Smooth the tax bumps – If possible, try to flatten your taxes in retirement by generating relatively consistent taxable income from one year to the next. Big picture, this should help you reduce your marginal tax rate as well as reduce your total tax bill in retirement.
Running Defense With Your Accounts
By the time you’re ready to retire, you and your spouse may well have myriad accounts, accumulated throughout your working years. How do you best manage them?
Consolidate it – You can simplify and optimize your cash-flow planning by consolidating as many of your far-flung accounts as possible under the management of a single advisor.
Private pension – We typically suggest putting your private pensions into play as soon as possible. If your spouse does not have a private pension and a spousal survivor benefit is available, shoot to score at least 60% for that. Also, check to see if you or your spouse qualify for any foreign pensions.
RRIF it – In retirement, it often makes sense to convert your Registered Retirement Savings Plan (RRSP) accounts into Registered Retirement Income Fund (RRIF) accounts. As the name suggests, RRIFs are structured for generating tax-effective income streams. That said, if you have less flexible locked-in accounts (such as locked-in RRSPs or LIRAs), I typically suggest depleting them first.
Open accounts – Unless your tax planning is subject to unusual circumstances, try to draw from your open (taxable) accounts with an eye toward triggering the smallest capital gains.

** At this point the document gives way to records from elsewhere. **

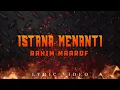 Download Lagu Rahim Maarof - Istana Menanti (Official Lyric Video)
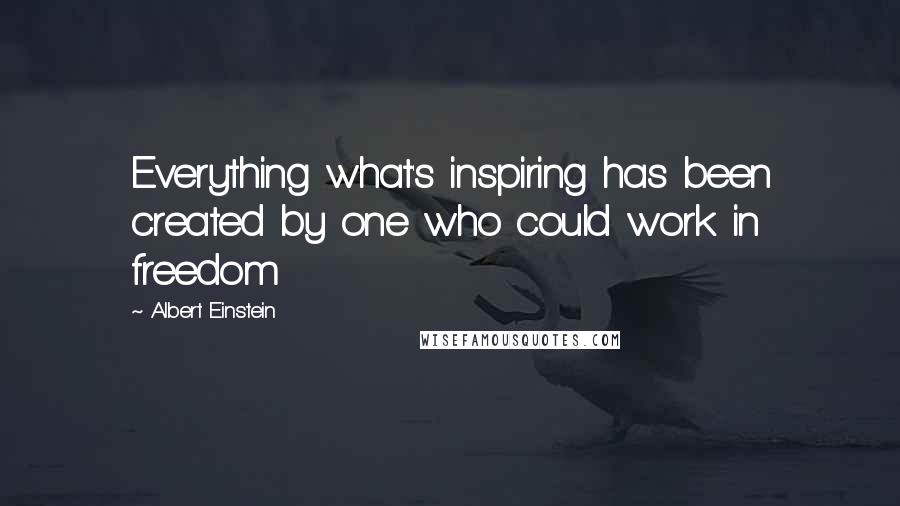 Albert Einstein Quotes: Everything what's inspiring has been created by one who could work in freedom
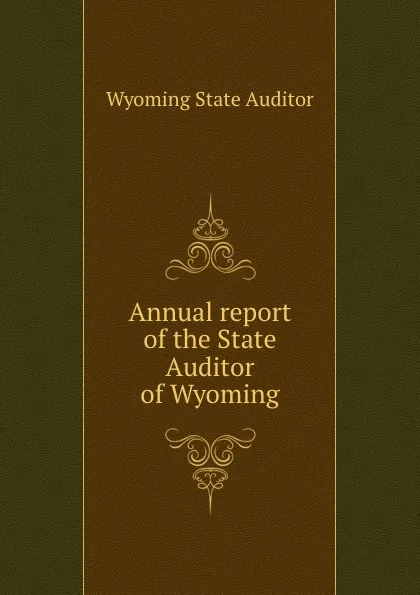 Обложка книги Annual report of the State Auditor of Wyoming, Wyoming State Auditor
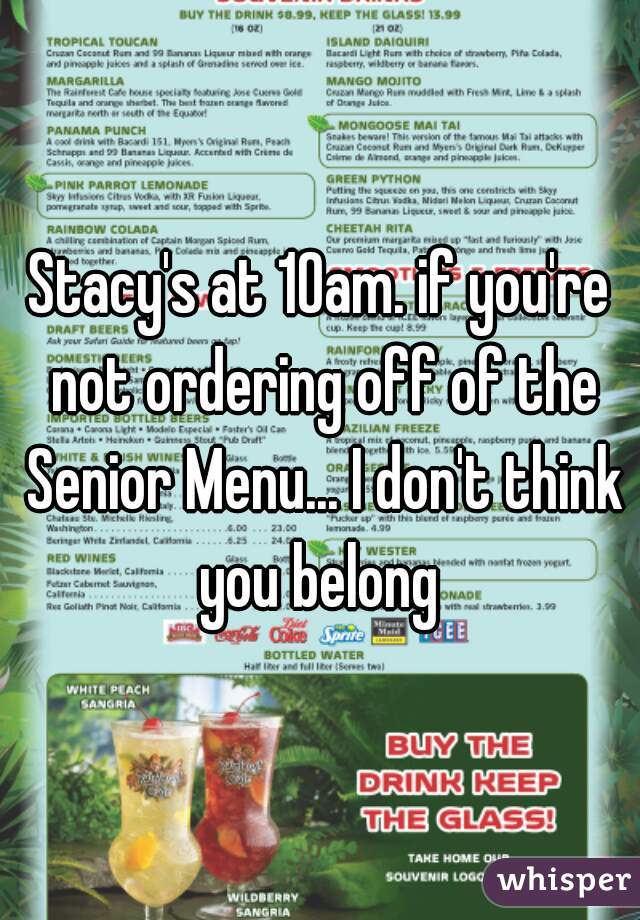 Stacy's at 10am. if you're not ordering off of the Senior Menu... I don't think you belong 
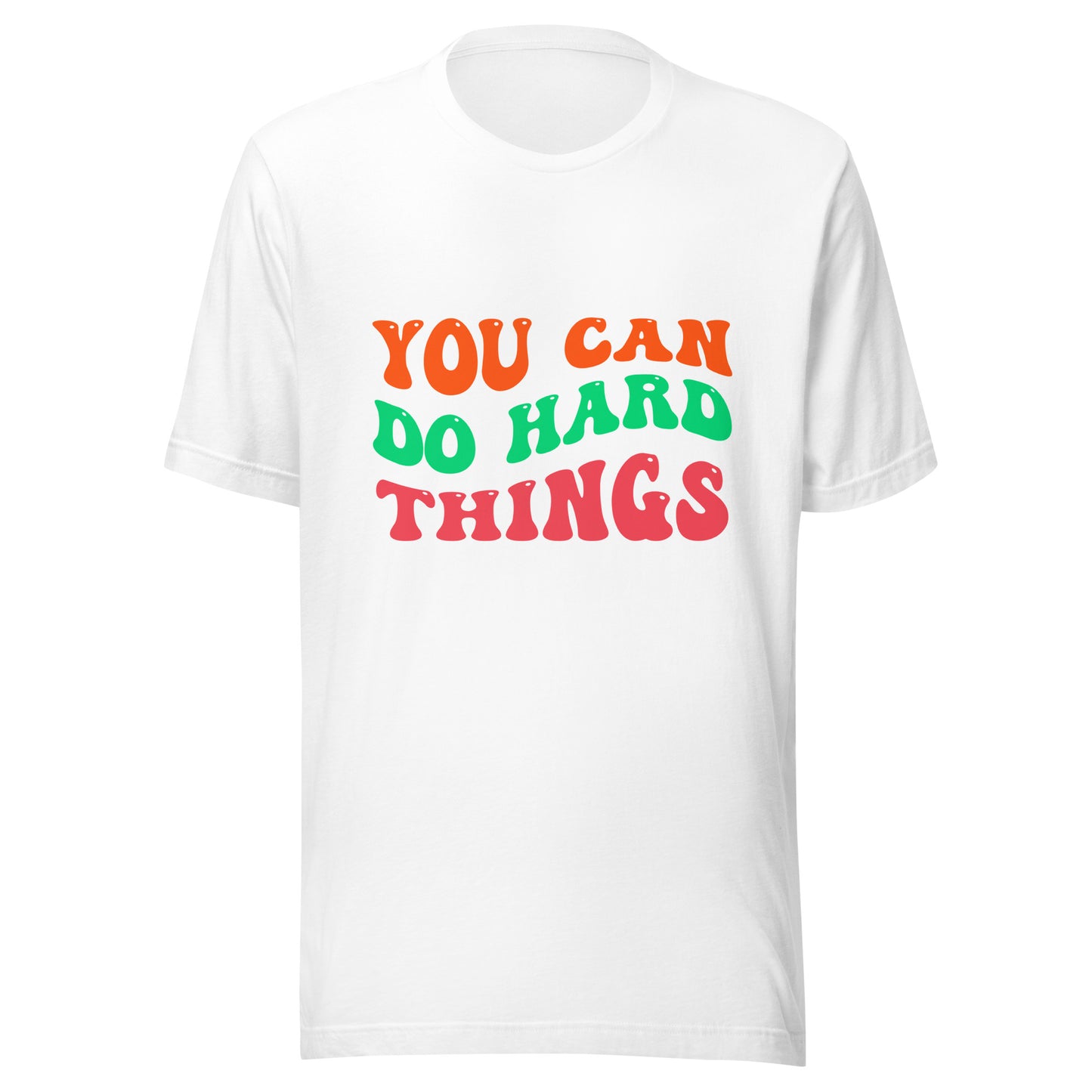 'You Can Do Hard Things' Unisex T-Shirt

Save your TFSAs for last – From a tax-planning perspective, I typically advise investors to leave their Tax-Free Savings Accounts (TFSAs) as their income source of last resort. I also recommend you keep funding your TFSAs if you’re able, even in retirement. They provide an excellent backup resource if needed, while providing a continued tax-free investment opportunity if you don’t.

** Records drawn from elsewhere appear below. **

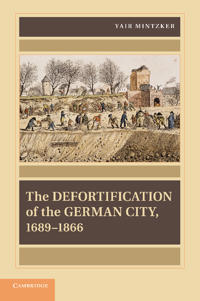 Bokomslag för "The Defortification of the German City, 1689–1866"
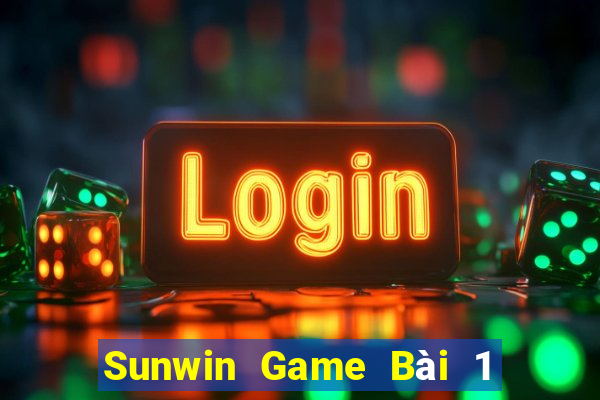 Sunwin Game Bài 1 Đổi 1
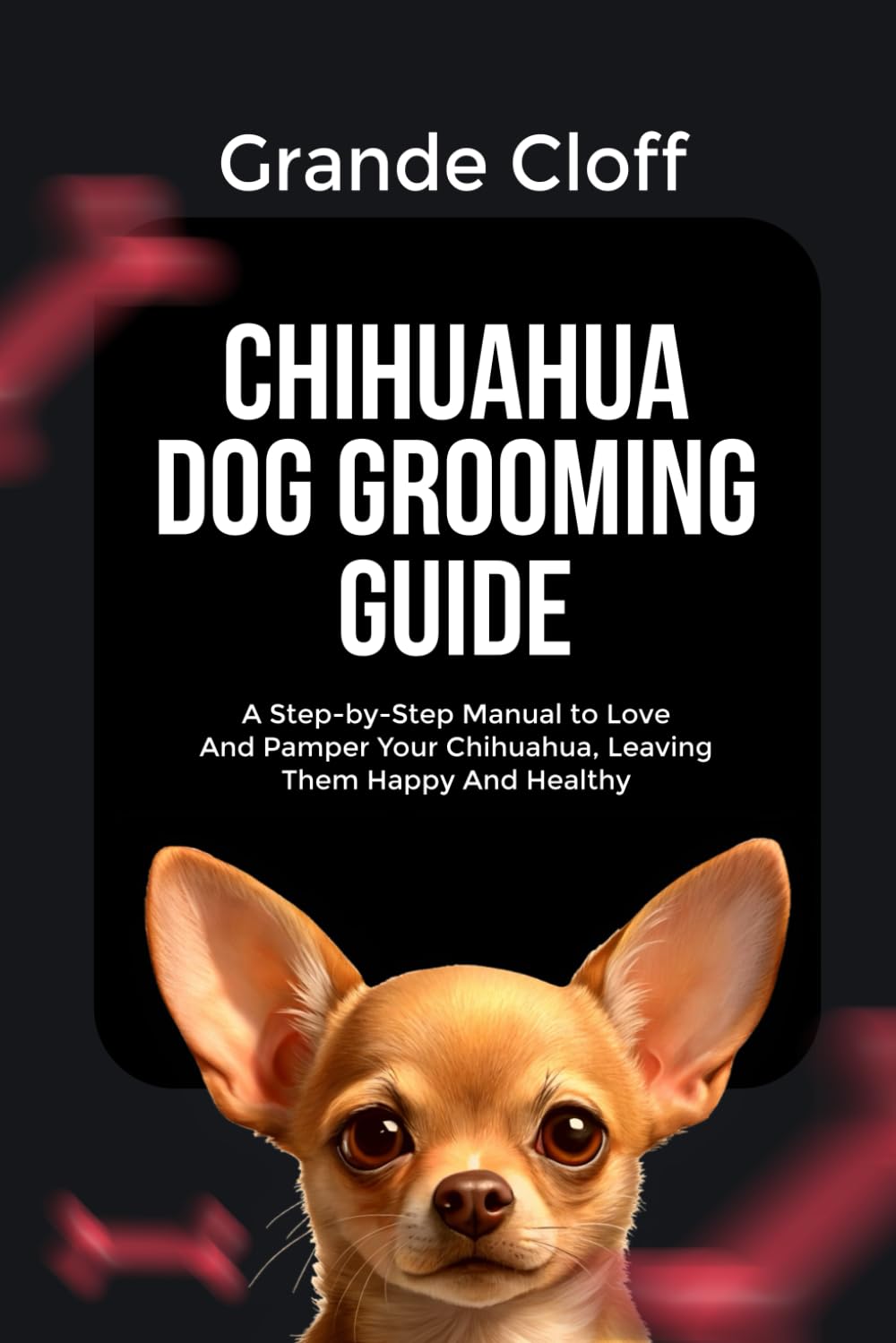 CHIHUAHUA DOG GROOMING GUIDE: A Step-by-Step Manual to Love And Pamper Your Chihuahua, Leaving Them Happy And Healthy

Hands off your leverage and spousal loan accounts – Steer clear of drawing from your leverage or spousal loan accounts, lest you taint the tax benefits you’re seeking by opening them to begin with.
Running Offense on Your Investments
Throughout your investment lifecycle, a few timeless principles still apply. Here are a few:
Global diversification for life – Maintain a low-cost, globally diversified investment portfolio, balanced between and among stocks and bonds and reflecting your goals and risk tolerances.
Regularly revisit your risk profile – Every three or four years, revisit your ability, willingness and need to take on higher risks in pursuit of higher expected returns; adjust your portfolio accordingly. That said, it’s rare that you’ll want to abandon equity investing entirely. Ample academic evidence plus 25+ years of my own observations are clear: Even in retirement, a measure of return-generating stocks (versus volatility-dampening bonds) usually remains advisable.
Avoid stock picking and market timing – Trying to pick individual stocks or time when to enter and exit the market is expected to add extra costs, without contributing to expected returns. Don’t do it.
Last but not least …
Create a plan upfront, revisit it regularly, and stick to it over time as your life preserver in uncertain markets. But, again, don’t forget to appreciate your money along the way. Especially in retirement, when you do spend, spend it on that which will bring you the most joy. That’s what it’s there for.